What the task requires
Below are records with pictures. Transcribe exactly, and only, the lines from the line with "unfurnished living room" to the line with "Черный Ниссан ИксТрейл, объемом", both ends included, but not the pictures.

Information
********

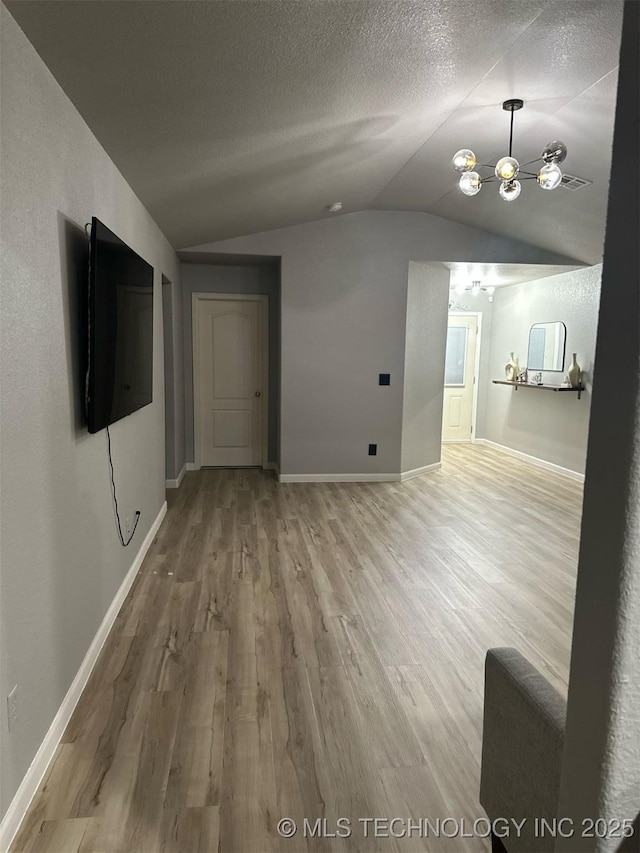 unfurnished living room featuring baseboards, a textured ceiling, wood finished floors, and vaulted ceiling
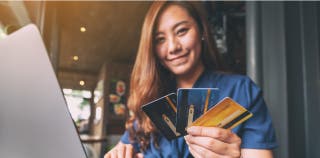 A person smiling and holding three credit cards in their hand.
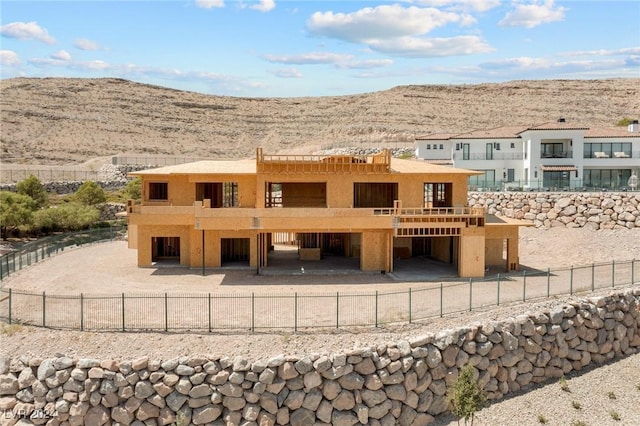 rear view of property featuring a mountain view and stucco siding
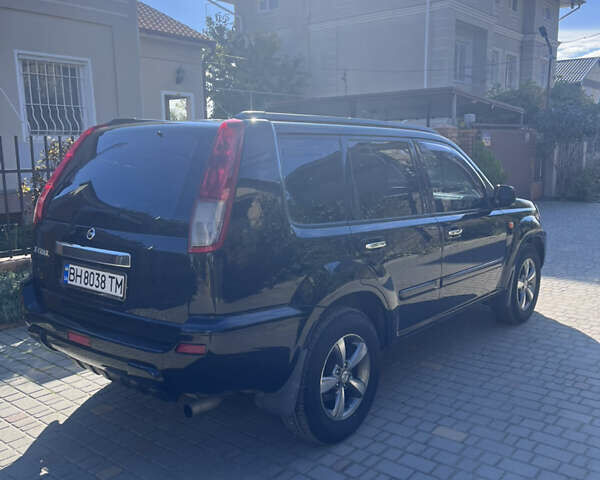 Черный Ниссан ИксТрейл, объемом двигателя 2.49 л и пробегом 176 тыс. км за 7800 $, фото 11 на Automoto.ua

********

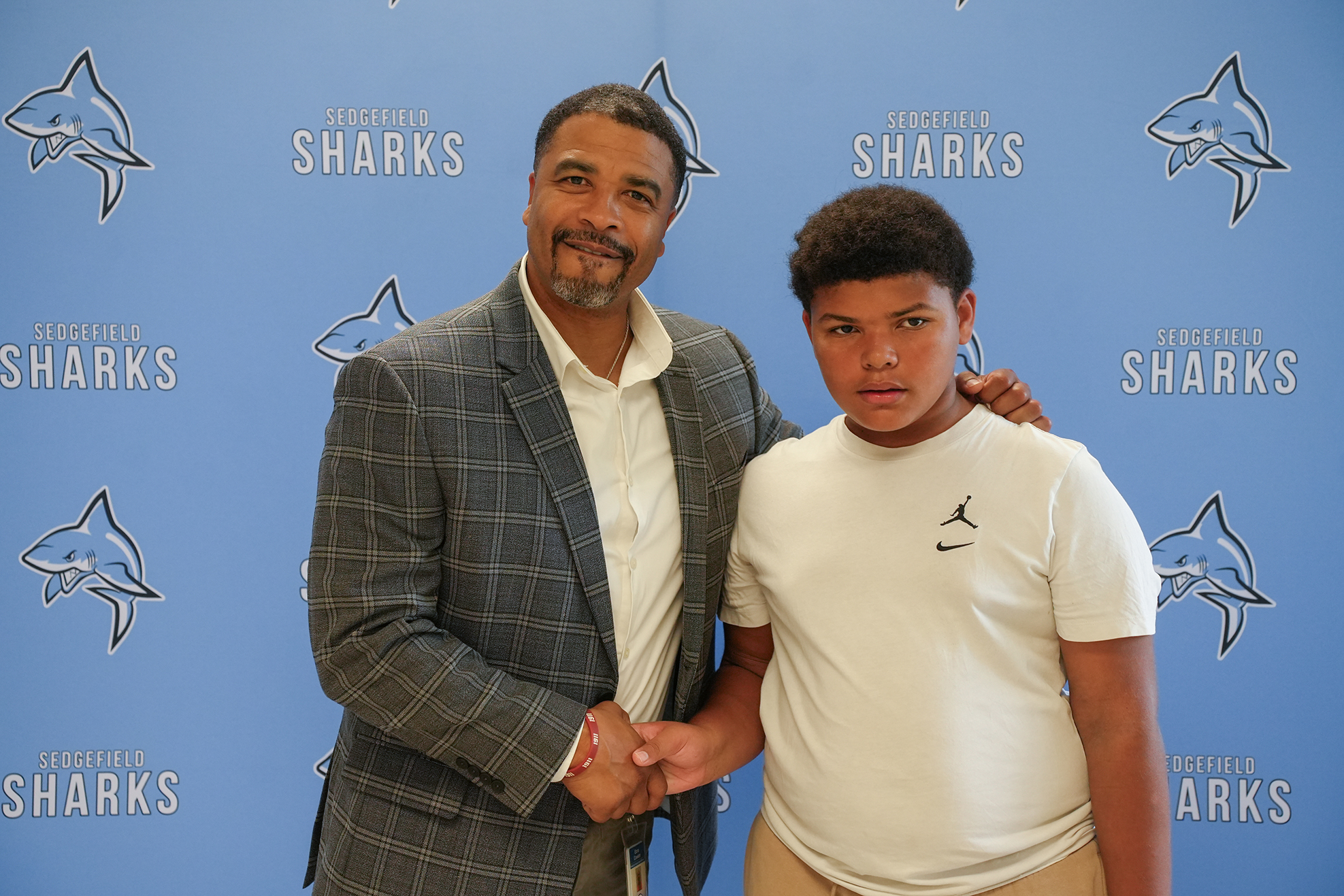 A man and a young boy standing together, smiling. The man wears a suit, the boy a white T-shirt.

********

Solution below
 unfurnished living room featuring baseboards, a textured ceiling, wood finished floors, and vaulted ceiling
 A person smiling and holding three credit cards in their hand.
 rear view of property featuring a mountain view and stucco siding
 Черный Ниссан ИксТрейл, объемом двигателя 2.49 л и пробегом 176 тыс. км за 7800 $, фото 11 на Automoto.ua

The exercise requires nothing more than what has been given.